Mais depuis quelque temps, il avait remarqué qu'elle avait "lâché plusieurs choses" comme "les devoirs" des enfants, poursuit-il face caméra. "Elle était moins présente, sa tête était ailleurs, je me suis alors dit que ce n'était pas impossible [qu'elle parte volontairement]. Plus impossible. La preuve en est, elle n'est pas là".

Et l'homme enchaîne: Karine Esquivillon "est partie et personne ne l'a forcée. Elle a pris des affaires dans différents endroits de la maison. C'est impossible que quelqu'un soit venu dans la maison, en dix minutes, sans que je l'entende, prendre des affaires en haut, en bas, sortir le livret de famille (...)". "Elle est partie volontairement, c'est certain. Par contre ce qu'il s'est passé après, c'est l'inconnu total", concluait-il.

Début juin, sur Facebook, il partageait des photos de dessins des enfants, implorant son épouse de donner "des nouvelles". "Les enfants te souhaitent une bonne fête des mères, ils t'aiment et tu leur manques beaucoup !", écrivait-il. Placé en garde à vue jeudi matin, l'homme a finalement avoué quelques heures plus tard, avoir tué "accidentellement" son épouse, en nettoyant sa carabine.

Quatre catégories de "menteurs"

Que ce soit Cécile Bourgeon, Jonathan Daval ou Michel Pialle, les suspects se sont tous les trois épanchés dans les médias, mentant avec une assurance déconcertante. "Le mensonge est un mécanisme très complexe. C'est extrêmement coûteux sur le plan cognitif", explique à BFMTV Mickaël Morlet-Rivelli, expert judiciaire en psychologie près la cour d’appel de Reims et doctorant en psychologie à l’université de Clermont-Auvergne et au centre international de criminologie comparée de Montréal.

"C'est difficile de mentir, mais c'est encore plus difficile de maintenir un mensonge.
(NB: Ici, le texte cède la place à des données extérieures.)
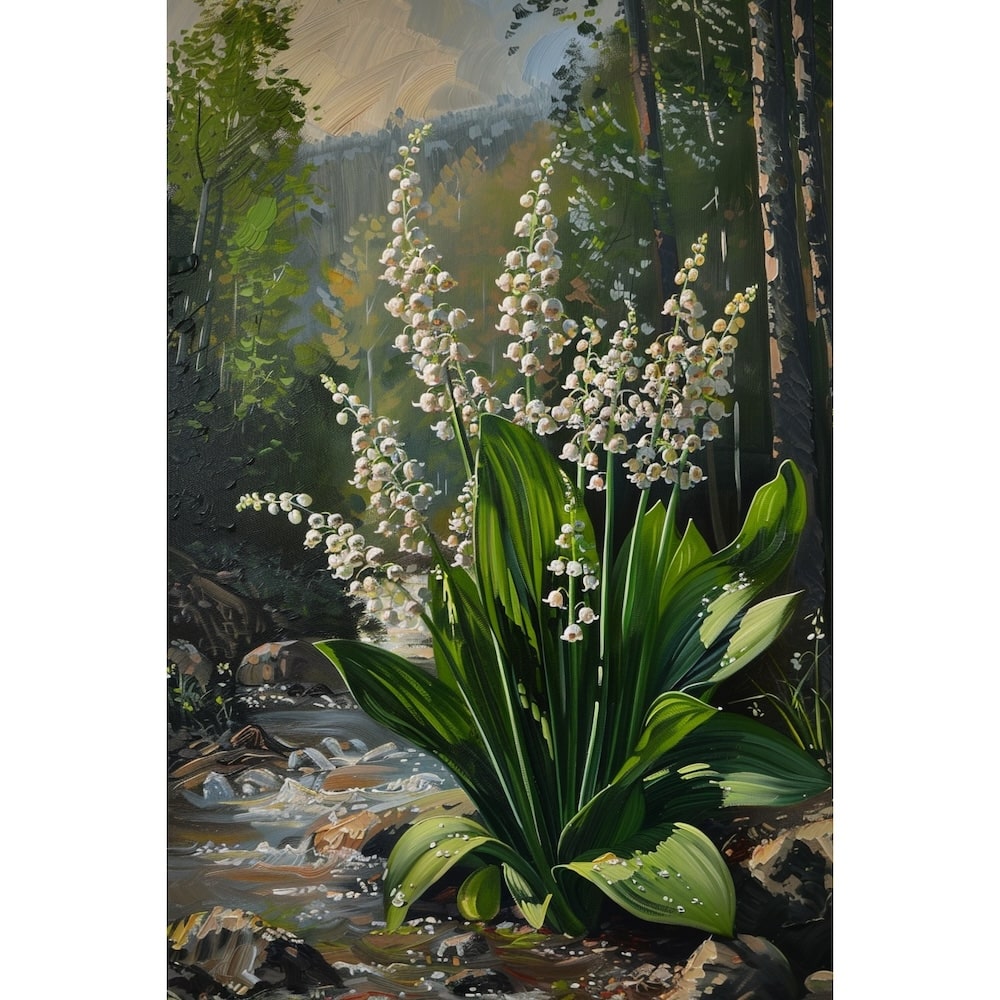 muguet peinture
Ca veut dire que l'enjeu est énorme", estime Mickaël Morlet-Rivelli.

Pourtant, insiste l'expert, tous les "menteurs" ne sont pas les mêmes et tous ne le font pas pour la même raison, explique-t-il, citant Aldert Vrij, l'un des plus grands spécialistes mondiaux de la psychologie du mensonge, qui a élaboré quatre typologies du menteur.
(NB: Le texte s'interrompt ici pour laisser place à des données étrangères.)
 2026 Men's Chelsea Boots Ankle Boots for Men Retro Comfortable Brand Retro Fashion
D'abord, il y a le manipulateur, "que l'on peut retrouver dans ce type d'affaire". "Ce sont des gens qui sont égoïstes, malicieux, qui ont un rapport à la culpabilité friable et qui ne s'inscrivent pas beaucoup dans la relation à l'autre", détaille Mickaël Morlet-Rivelli. Puis, il y a les "acteurs" : "c'est-à-dire ceux qui ont une capacité à contrôler leur comportement, qui masquent leurs émotions, qui ont une facilité à jouer un rôle et une bonne aisance verbale", poursuit-il. "On ne peut encore rien affirmer, mais Michel Pialle se situe probablement dans l'une de ces deux catégories".

Viennent ensuite les "sociables", qu'on peut définir par ceux qui "aiment le contact, extraverti, qui sont à l'aise en société", et les "adaptateurs", qui "se calent sur les autres", détaille Mickaël Morlet-Rivelli.

Des raisons diverses

Peu importe la typologique du menteur, il s'agit d'une "distorsion cognitive". "C'est un mécanisme utilisé pour se désengager d'un processus autocritique", ajoute l'expert.
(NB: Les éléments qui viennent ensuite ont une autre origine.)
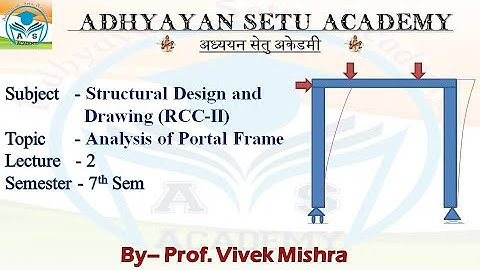 Analysis of Portal Frame (RCC-II, Lecture-2, Unit-1) #Civil Engineering #AdhtayanSetuAcademy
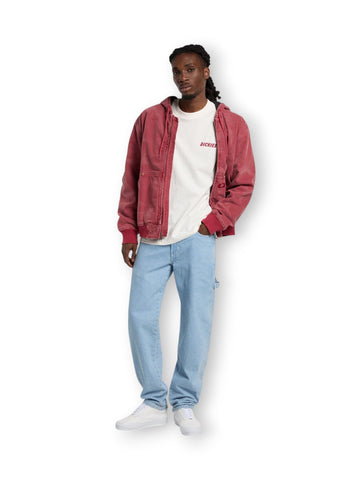 Dickies Dry Ridge Ss Tee Egret - T-Shirt Uomo - Panna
"Le mensonge, peu avoir pour objectif de protéger la personne et de lui donner du temps pour investir cette nouvelle représentation d'elle-même comme auteure d'un acte horrible", détaille l'expert.

Pour le cas de Michel Pialle, l'homme a "crée un mensonge très important et il l'a maintenu dans des contextes variés, en audition, avec sa famille et devant les caméras", poursuit Mickaël Morlet-Rivelli. Un mensonge maintenu "dans des proportions qui nous paraissent extrêmes", mais pour Michel Pialle, c'est "une recherche d'équilibre.

Et les raisons du comportement de l'homme de 51 ans peuvent être nombreuses, liste l'expert. Il peut, entre autre, s'agir d'une "stratégie de défense très élaborée" ou de "complétude, 'j'ai commencé, je vais au bout'", enchaîne l'expert.

"Le mensonge peut avoir de multiples fonctions, parfois autre que celle qui nous paraît évidente", estime-t-il.

Évidement , plus le mensonge est gros et travaillé, plus la crainte d'être révelée est importante. "Tout le monde n'est pas armé pour assumer un tel mensonge derrière", ajoute Mickaël Morlet-Rivelli. Mais les aveux peuvent aussi parfois être source de soulagement.